The JVP General Secretary Tilvin Silva’s recent remarks at a news conference in Jaffna where he ruled out the possibility of holding provincial council elections this year has been widely reported and widely criticized. About the same time there was another media event in Jaffna that went largely unnoticed and unreported outside Jaffna. What was said at the second media event may carry far more political implications than Tilvin Silva’s election timing talk. A veteran Tamil political participant made the startling yet not implausible statement that the prospect of having political devolution under the JVP-NPP government is becoming “a daydream”. The statement was made by Dr. K. Vigneswaran, who served as Provincial Secretary to the only North-East Provincial Council Government that was elected under the auspices of the Thirteenth Amendment.

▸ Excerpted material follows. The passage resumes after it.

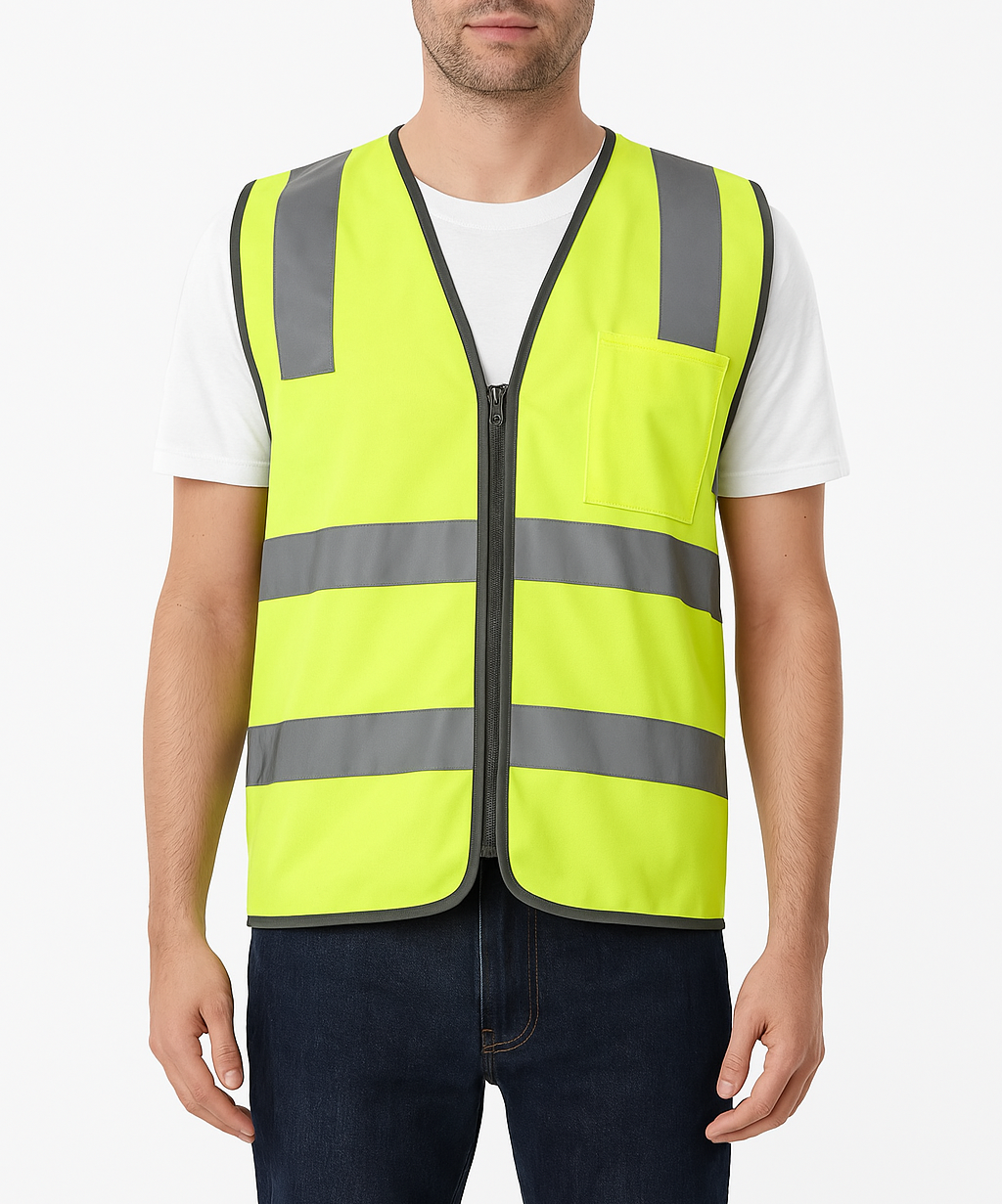 Hi Vis Safety Vest Reflective Tape Zip Up Workwear Pocket High Visibility in Yellow - M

Dr. Vigneswaran is a Professional Civil Engineer who studied at Royal College, graduated with First Class Honours in Engineering in 1964, and went on to complete a pioneering PhD at the university of Waterloo, Canada, applying the finite element method (FEM) in the field of Geotechnical Engineering. His engineering career has always been at the Irrigation Department where he rose to a Deputy Director. That was when the department was in its golden years, and Vigneswaran was known for his technical mentorship, meticulous administrative skills, and for knowing the fine print of everything. While at the Irrigation Department, Vigneswaran married Ramya de Silva, a fellow irrigation Engineer. After 1983, Vigneswaran became a fulltime political activist and a powerful resource in Tamil politics, but with unwavering commitment to nonviolence, democracy and federalism. The family moved first to India and then Canada, and Vigneswaran has been shuttling between Canada and Sri Lanka.

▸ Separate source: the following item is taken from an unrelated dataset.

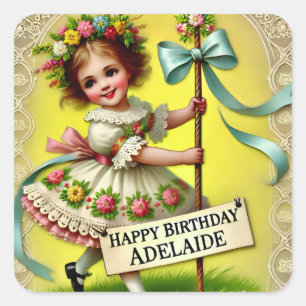 Sticker Carré ADELAIDE ~ JOYEUX ANNIVERSAIRE ~ Maypole ~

Devolution: Tortuous Trajectory

Since 1987, the Indo-Sri Lanka Agreement, and the 13th Amendment, Vigneswaran has been a permanent fixture in all the politics and institutional dynamic of implementing 13A and establishing provincial councils. He served as Secretary to the only elected Provincial Government for the Northern and Eastern Provinces. After 1994 and the election of Chandrika Kumaratunga as President, Vigneswaran became a key participant in all the civil society efforts and government initiatives to restore the PCs and implement 13A, both during the Kumaratunga presidency and the succeeding administrations of Mahinda Rajapaksa and the Sirisena-Wickremesinghe duo.

Devolution efforts stalled after the election of Gotabaya Rajapaksa, who in so many words declared that he had no time for 13A or PCs in his presidential agenda, whatever it was. Only that his whole agenda turned out to be a wholesale disaster for the country. Already by then, all the nine Provincial Councils had fallen into abeyance with the cancellation of the 1988 PC elections by the Sirisena-Wickremesinghe duo, with the TNA standing by. The abeyance continues under the JVP-NPP government with no apparent end in sight after Tilvin de Silva’s statement in Jaffna.

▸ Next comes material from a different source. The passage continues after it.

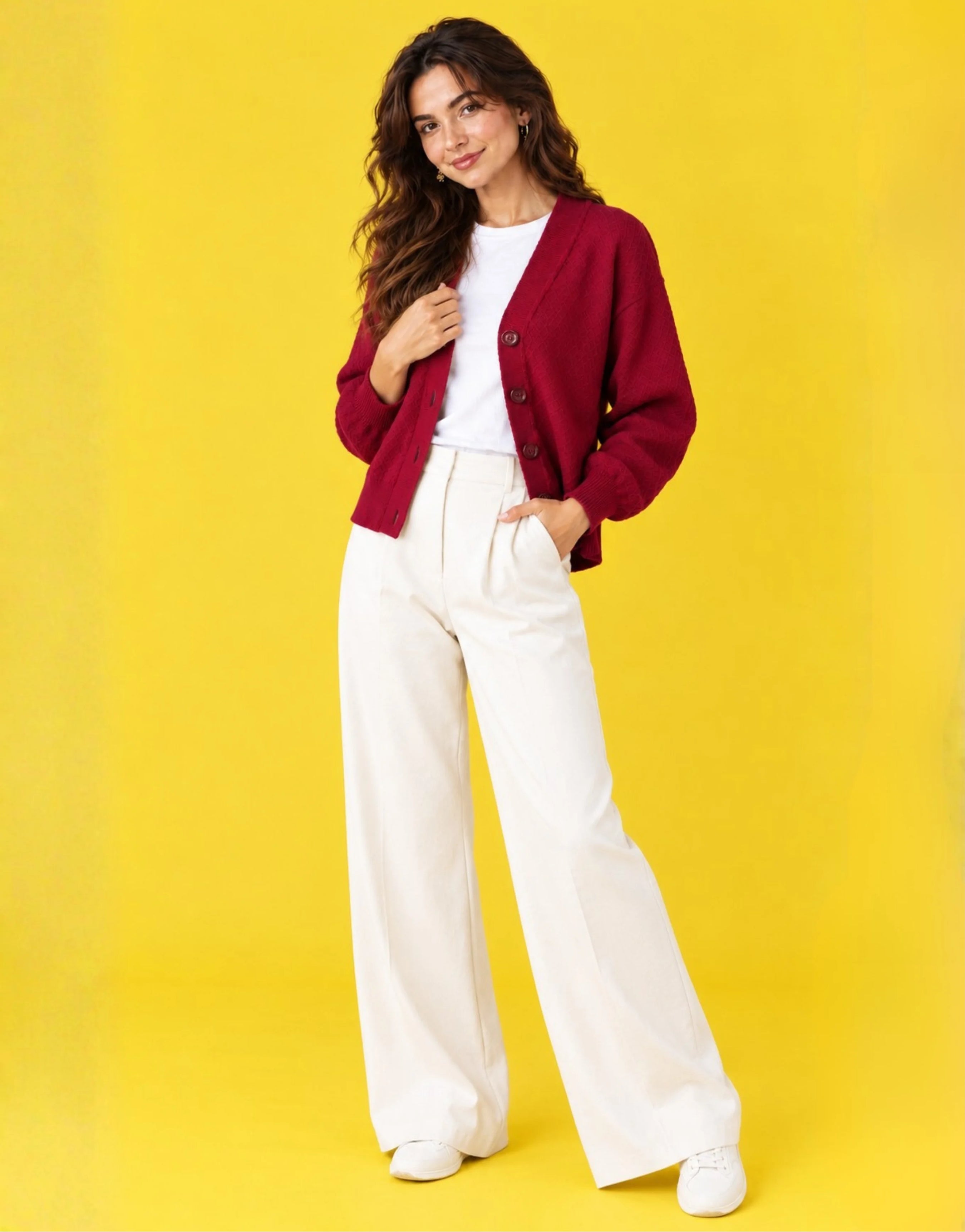 SGW Maroon Women’s Cropped V-Neck Cardigan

I say all this to provide the proper context for Vigneswaran’s statement in Jaffna that the prospects for power devolution under the JVP-NPP government are becoming a political daydream. He said something else as well: that of all the government leaders he has encountered over the years, the only leader who has been genuinely sincere about power devolution is former President Chandrika Kumaratunga, and no one else. I am constrained to add that the insincere category would include Ranil Wickremesinghe, who for all his handsome promises, never matched any of them with experiential sincerity. The present JVP-NPP government still has time to show that they are not an insincere lot.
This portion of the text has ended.